** Problem description **
Reproduce the line with "Flying cupid silhouette, happy" and everything after it in the listing below, exactly, both ends included. No pictures.

** Material for the task **

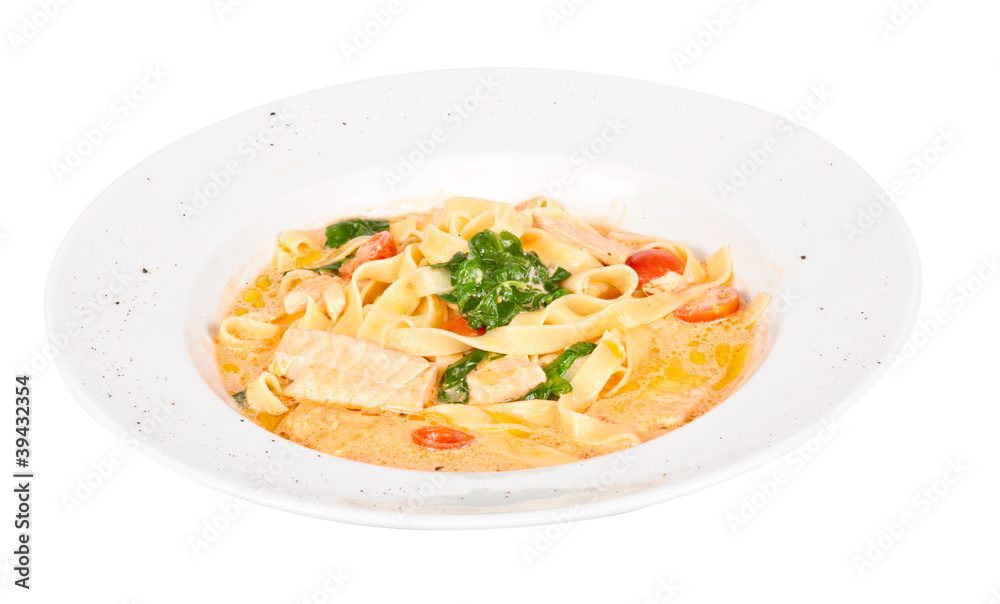 tasty pasta with cream, salmon, cheese and parsley close up tasty pasta with cream, salmon, cheese and parsley close up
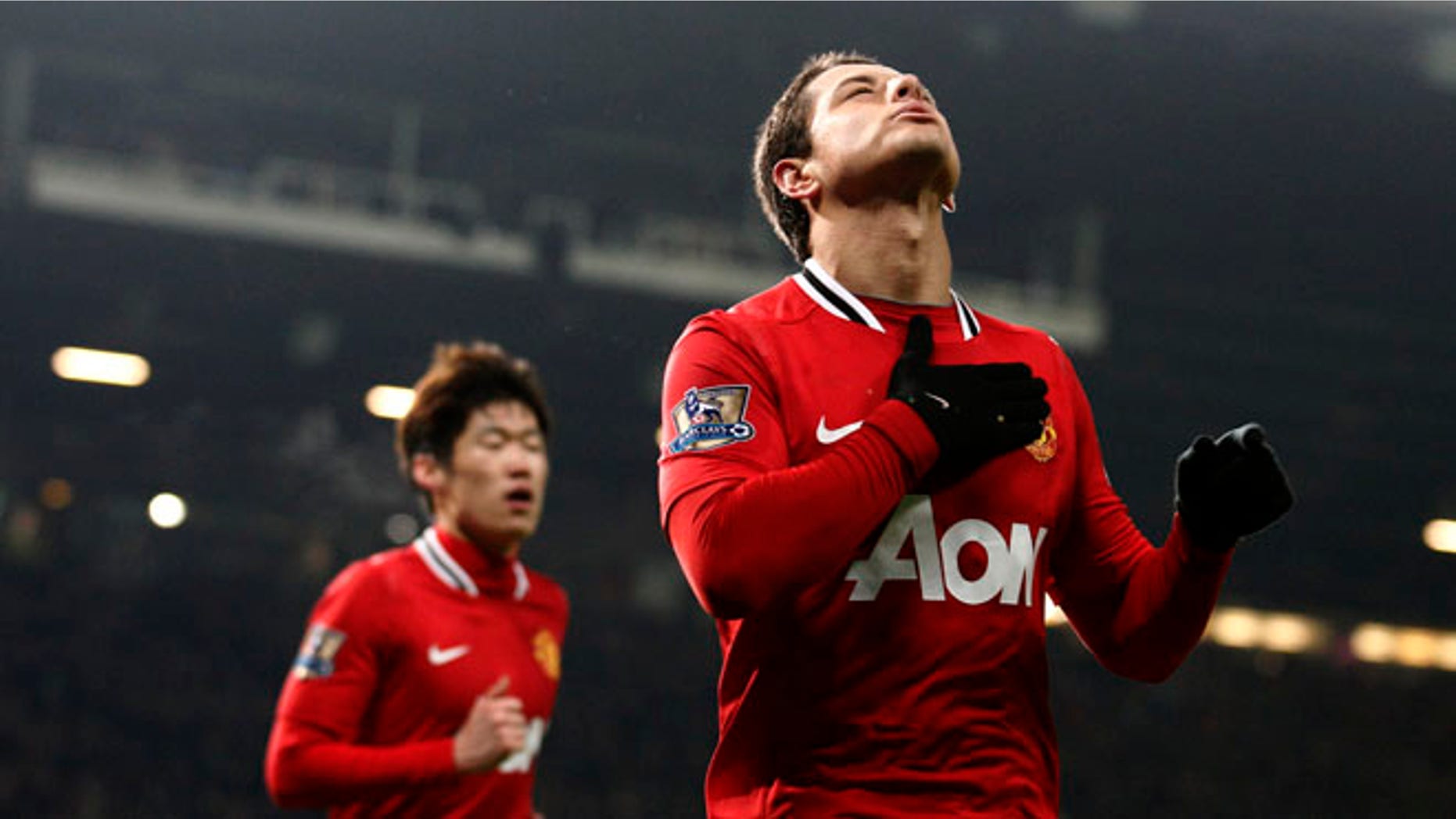 Manchester United's Javier Hernandez celebrates after scoring against Stoke, Jan. 31, 2012. (AP Photo/Jon Super)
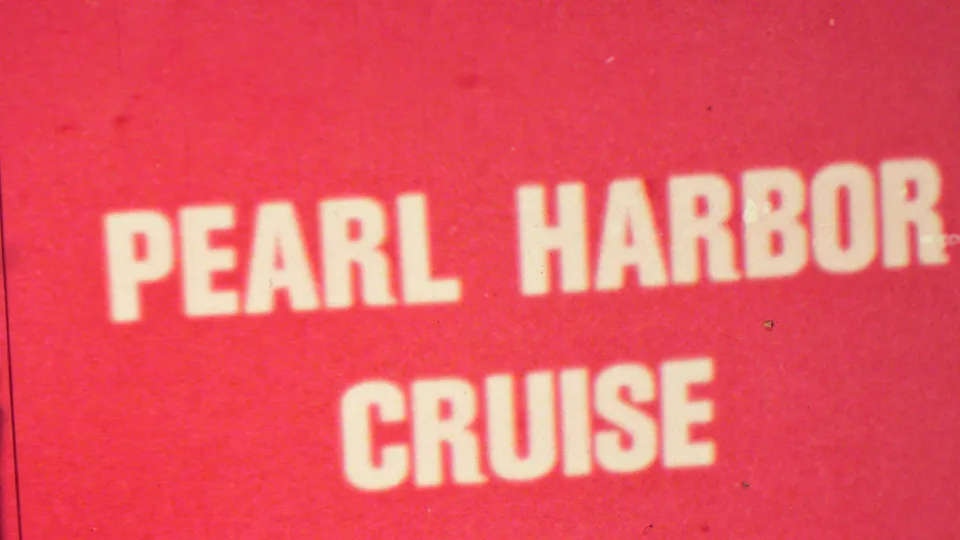 A red home-movie title card fills the frame with white block lettering reading Pearl Harbor Cruise, identifying the sightseeing segment.
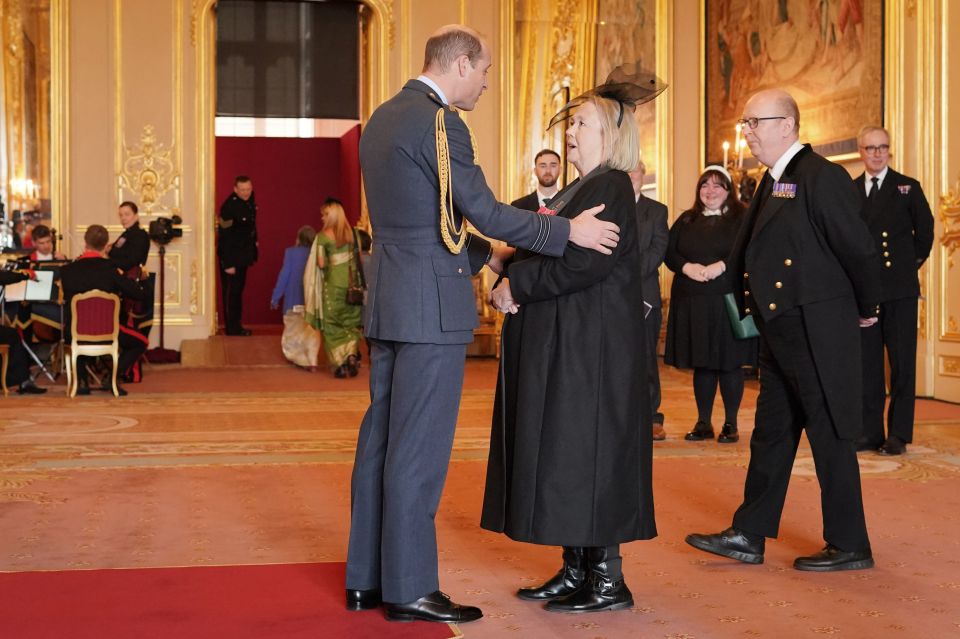 The Prince of Wales placed an arm on her shoulder to congratulate her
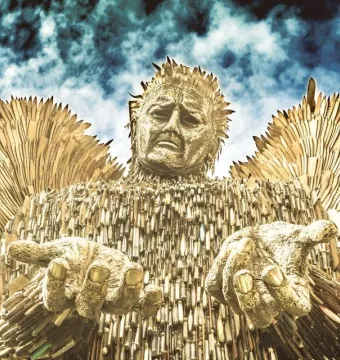 The Knife Angel sculpture shown from below against a cloudy sky, with outstretched hands and wing-like forms made from blades and knife handles.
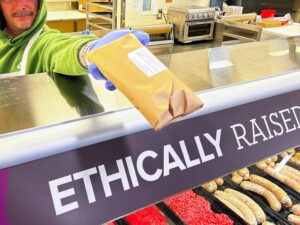 Close up on a package of meat at a service counter being handed toward the camera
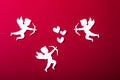 Flying cupid silhouette, happy Valentine`s Day banners, paper art style. Amour on red paper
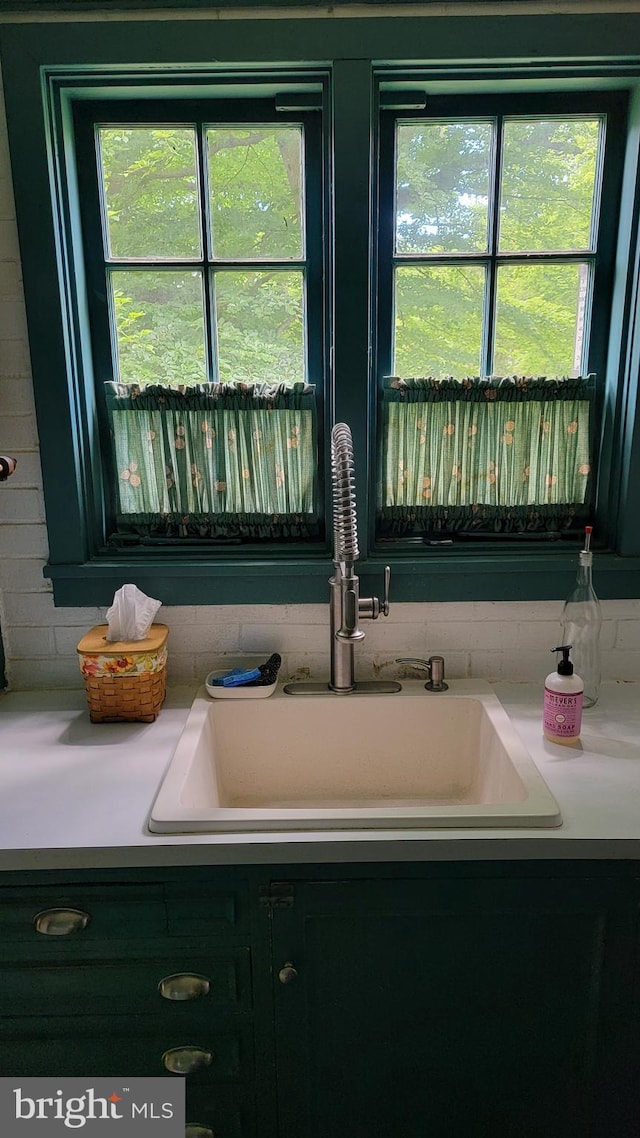 bathroom with decorative backsplash and sink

** Exercise response **
 Flying cupid silhouette, happy Valentine`s Day banners, paper art style. Amour on red paper
 bathroom with decorative backsplash and sink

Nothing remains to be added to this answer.